As a result, each Spider Bags song stands sturdily on its own regardless of where it lands on a given album. In fact, McGee has recently steered his songwriting toward singles instead of albums, frustrated with how long it takes to make a full-length one. “Singles are the best way to put out music that represents you right now,” he says. “It’s a thing that you can do that’s contained and sustainable.” He originally intended the songs on Spider Bags’ last proper album, 2012’s “Shake My Head,” to be singles. And their newest album, “Singles,” is a collection of previously released 7-inch tracks that hit with the immediacy McGee craves.

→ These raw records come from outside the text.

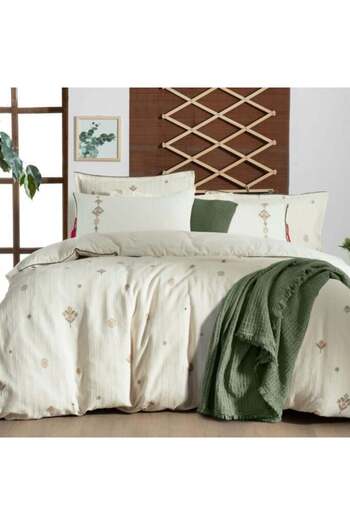 Sarev İdil Ecru King Size 100% Cotton Mood Comfort Muslin Duvet Cover Set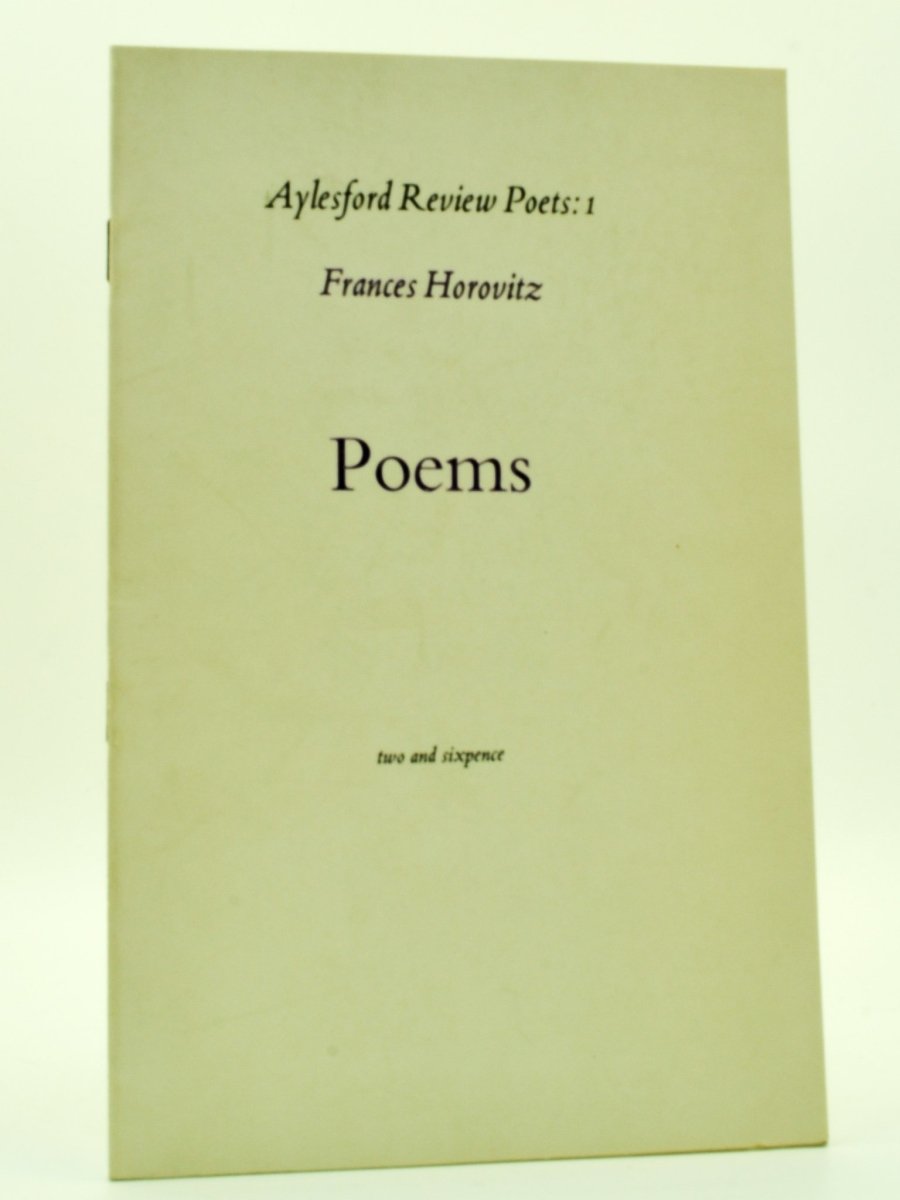 Horovitz, Frances - Poems ( with hand-written poem ) - SIGNED | front cover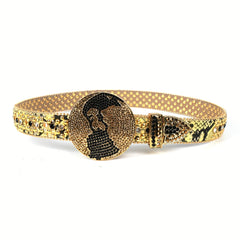 Yellow Sparkly Belt Y2K Punk Rivet Belts Rhinestone Round Buckle Belt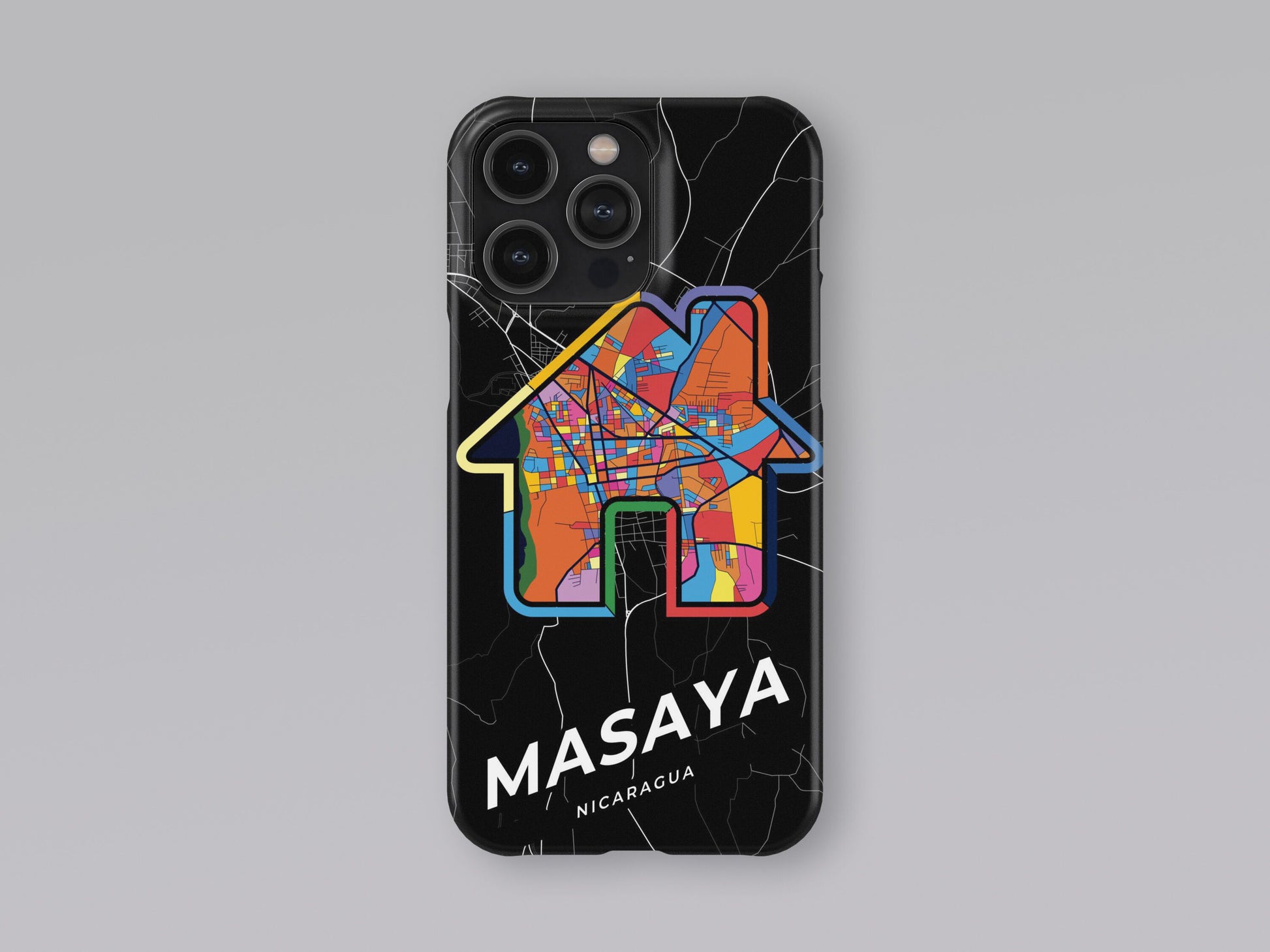 Masaya Nicaragua slim phone case with colorful icon. Birthday, wedding or housewarming gift. Couple match cases. 3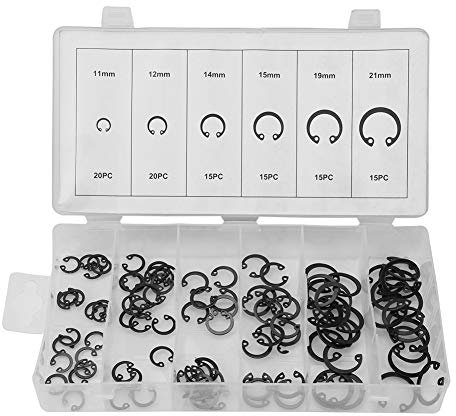 Alvinlite Lot de 100 Bagues De Retenue à Pression en Acier 11 Mm à 21 Mm 6 Tailles avec Kit D'assortiment De Boîtes Bagues De Retenue à Vis Pièces Sécurisées sur Arbres Rainurés Goujons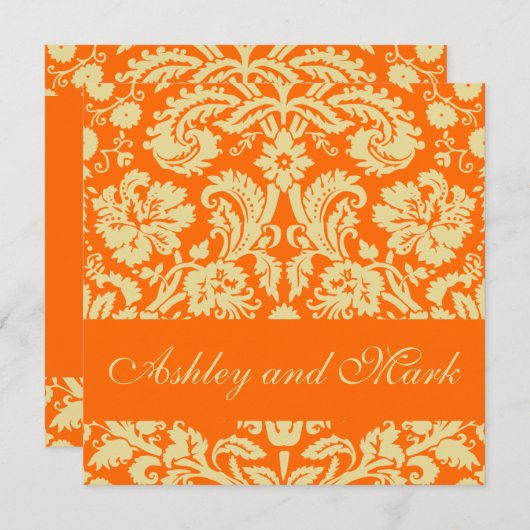 Invitations à l'Orange de Crème Élégante (Devant / Derrière)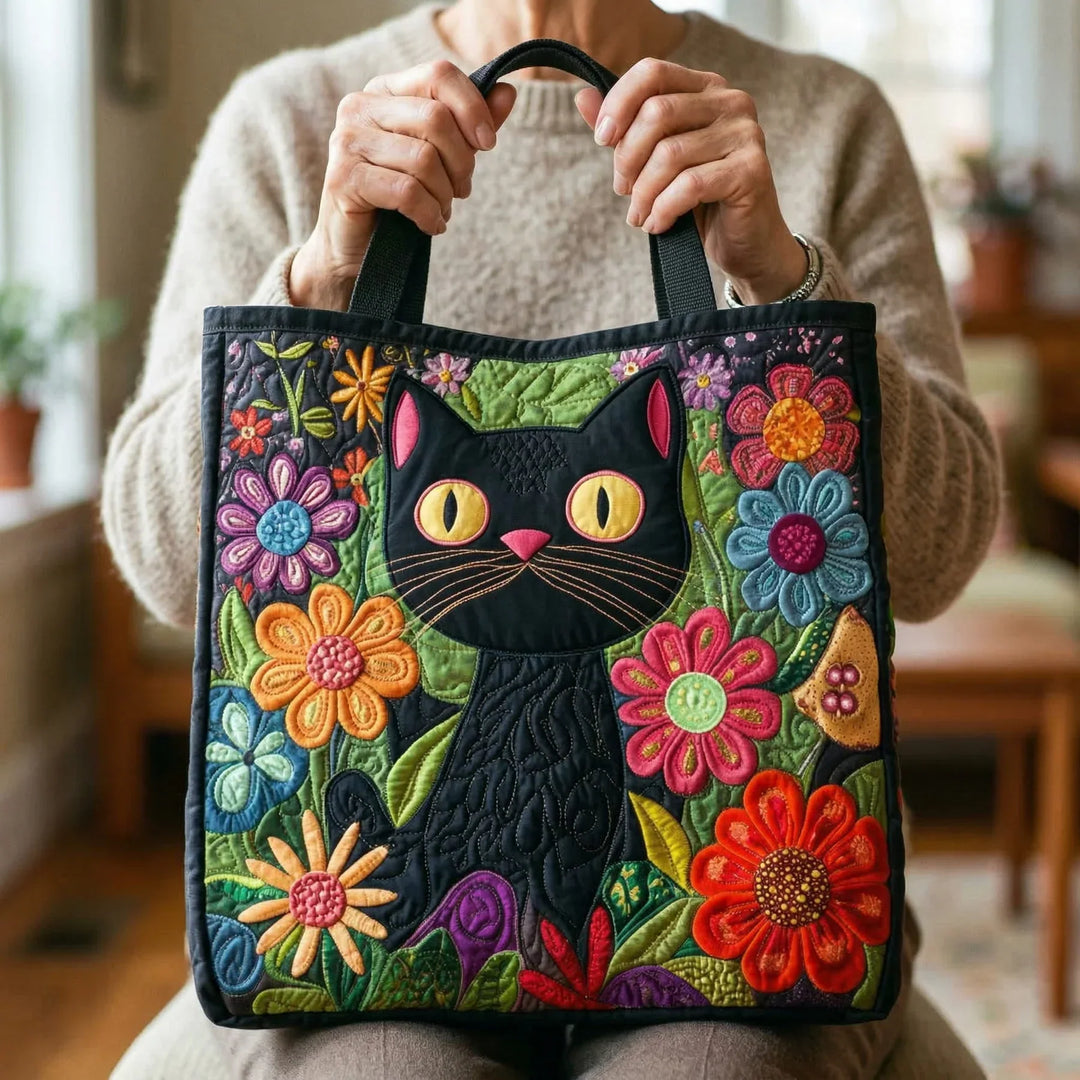Quilted Tote Bag - Fortryllet Sort Kat
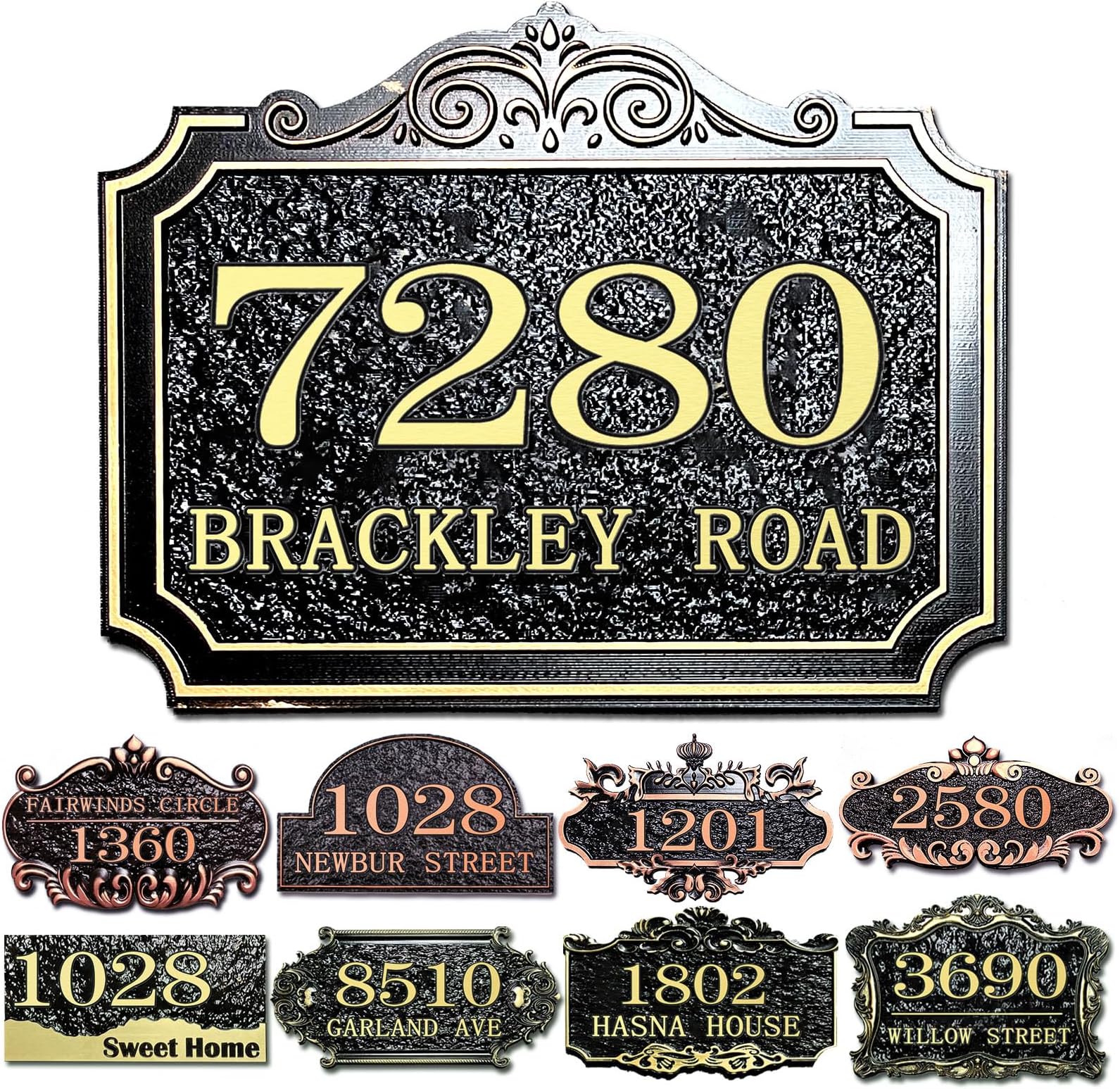 Personalized House Address Plaque Custom House Number Sign 12 Inch Acrylic Street Name Plate Customized Antique Brass or Copper Vintage for Home Room Door Wall Outdoor Mailbox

Rock-and-roll itself didn’t come so immediately for the 38-year-old. He began playing in his late 20s, after some years writing fiction. But he has always been into music. He remembers impersonating Elvis the first time he saw him on TV at age 4, and his mother had an even bigger musical impact. “She can sing with anything, so whenever we drove she would sing along with the radio,” he recalls. “A song would come on and I’d say, ‘Mom, sing along with that one!’ ”

Eventually, McGee starting hearing tunes in his head. He claims that he doesn’t sit down and compose pieces so much as he calls on a trove of melodies that have long rattled inside his brain. “I have songs I wrote when I was a kid that are still up there in my mind waiting, and I can tap into them anytime,” he explains. “Sometimes when I do that, it’ll be like, nope, dead end. And sometimes it’ll be like, now is the time to strike!”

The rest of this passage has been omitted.